Type of the parameter to use.

possible values: "string", "int", "datetime", "date"

Note: if date/time is chosen, please specify a date_format

date_format

C++ format to parse the date, see this. The string and format are passed to the C++ strptime function to then be saved in DB.

api_name

required

Name of the parameter on the API side.

ex.: "page_count"

name

Name of the parameter on the Harvester side. If not provided, api_name is used. The user and Harvester will only manipulate this name.

ex.: "page"

required

required

Boolean to tell if the parameter is required to send a query.

ex.: true

position

required

Place to put the parameter in the HTTP query.

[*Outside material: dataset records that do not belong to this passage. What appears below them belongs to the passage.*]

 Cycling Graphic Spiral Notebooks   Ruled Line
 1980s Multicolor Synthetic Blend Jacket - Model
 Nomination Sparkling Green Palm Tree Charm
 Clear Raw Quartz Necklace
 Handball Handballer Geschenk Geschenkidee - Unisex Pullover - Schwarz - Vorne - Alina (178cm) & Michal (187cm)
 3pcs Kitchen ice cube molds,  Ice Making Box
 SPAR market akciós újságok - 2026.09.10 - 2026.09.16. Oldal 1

possible values: "body", "header"

relevant

required

Boolean to save the parameter value as a metadata.

ex.: false

is_public

Boolean to tell if the parameter needs to be displayed to the user. Default to true

ex.: false

default_value

If no value is provided in a query and this value is set, will use this one. Must be represented as a string.

ex.: "1" for a page number for instance

values

Array of possible values for this parameter. If a value is given by the user or by a default value, it will check it against this array before doing (or not) the query. Values must be strings.

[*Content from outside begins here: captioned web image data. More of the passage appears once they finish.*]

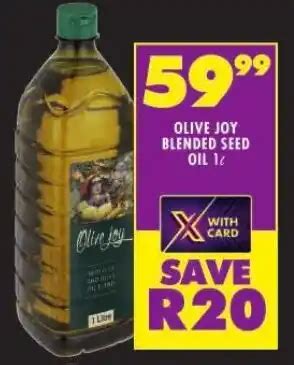 OLIVE JOY BLENDED SEED OIL 1L offer at Shoprite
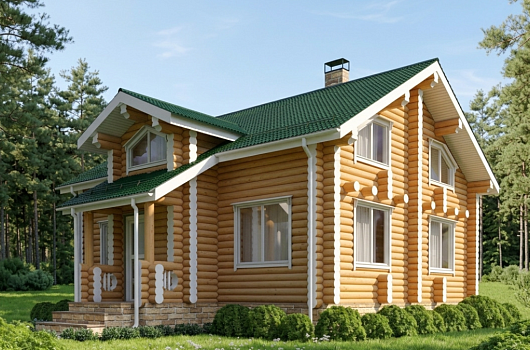 фото к Дом из бревна 164 #1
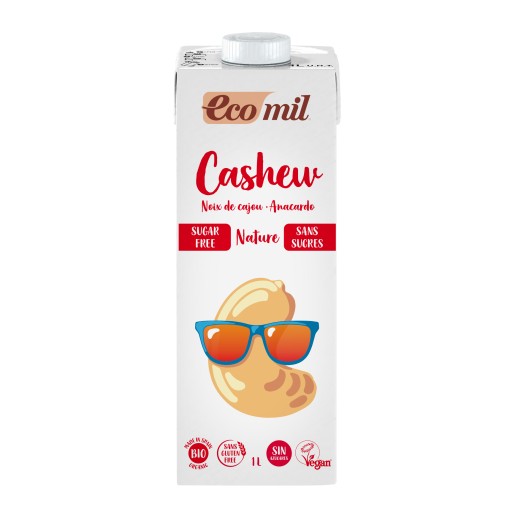 ECOMIL Nápoj z kešu orieškov bez cukru 1l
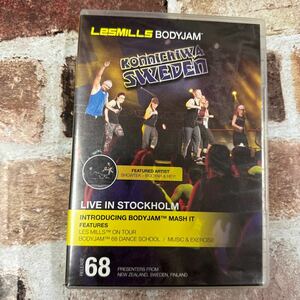 68　★レスミルズ★Lesmills★DVD★CD★中古品★BodyJam68　★ボディジャム★英語コレオノート★箱に傷有★3点セット 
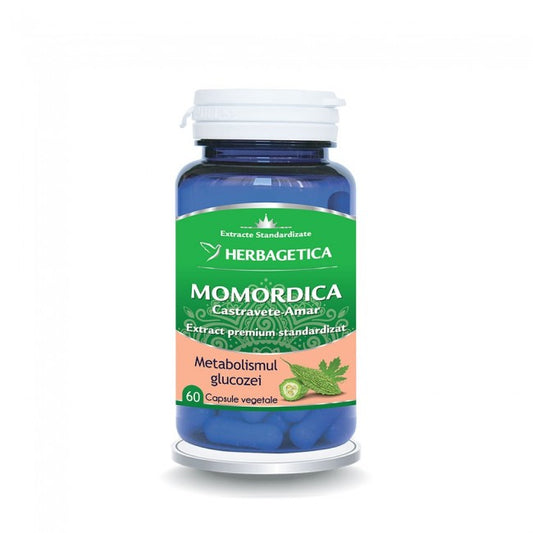Momordica Extract Castravete-Amar Herbagetica 60 Capsule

ex.: ["recent", "popular", "mixed"]

description

Description of the parameter. Only useful on public parameters or to describe what they are for.

ex.: "This parameter is used to do something"

Response parameters

The response object in the JSON is a list of different response objects, as described here.

type

required

Same as the request.type.

api_name

required

Same as the request.api_name

name

Same as the request.name

relevant

required

Same as the request.relevant

string_prepends

This adds a list of fixed or API values to the parameter response string before treating it. Useful when fetching images for instance where only the image ID is given and you must prepend "http://" or a farm ID given in the response. Values are prepended left to right, first to last in array. It is an array of objects as described below:

is_parameter_name

required

Boolean to true if the value parameter is the name of an API request or response parameter (must be described in the JSON, you can put it to non relevant if you wish to not save it). Putting it to false will literally use the value string.

value

required

Name of an API parameter or a string to add, based on the is_parameter_name boolean.

"string_prepends": [
    {
        "is_parameter_name": false,
        "value": "http://"
    },
    {
        "is_parameter_name": true,
        "value": "api_farm_url"
    }
]

If the response parameter value is /image.jpg and the value of api_farm_url is mywebsite.com, the output which will be parsed is http://mywebsite.com/image.jpg

string_appends

Same as string_prepends but to append value at the end of the response. First in array will be the first value appended, and so on.

description

Description of the parameter. Only useful on relevant parameters or to describe what they are for.

ex.: "This parameter is used to do something"

Typical and magic names to use

_api_id

Using the _api_id name will check if another entry of the same ID and same API name is already in the database and will skip it if it is.

_page

Attribute representing a number which can be incremented to retrieve more results. Please set the default value to the minimum page compatible with the API for better automation.

_page_count

Number of elements in a page to retrieve.

query

Name to use to represent a string query in a request (or response).

language_iso

Parameter which represents a language with the ISO norm (en, fr...).

date

Parameter to describe what date the element was created in the API.

Note on sensitive values

Values such as API keys shouldn't have to be filled by the user at each query, which is a tedious process. So when loading an API from its descriptor file such as /path/api.json, the Harvester will look for an env file (which is gitignored) as /path/api.env.json which fills in default values.

{
    "api_key": "MY_API_KEY",
    "other_default_to_override": "my_value
}

These values will be loaded at the same time than the API, and overrides other default values if present in the descriptor.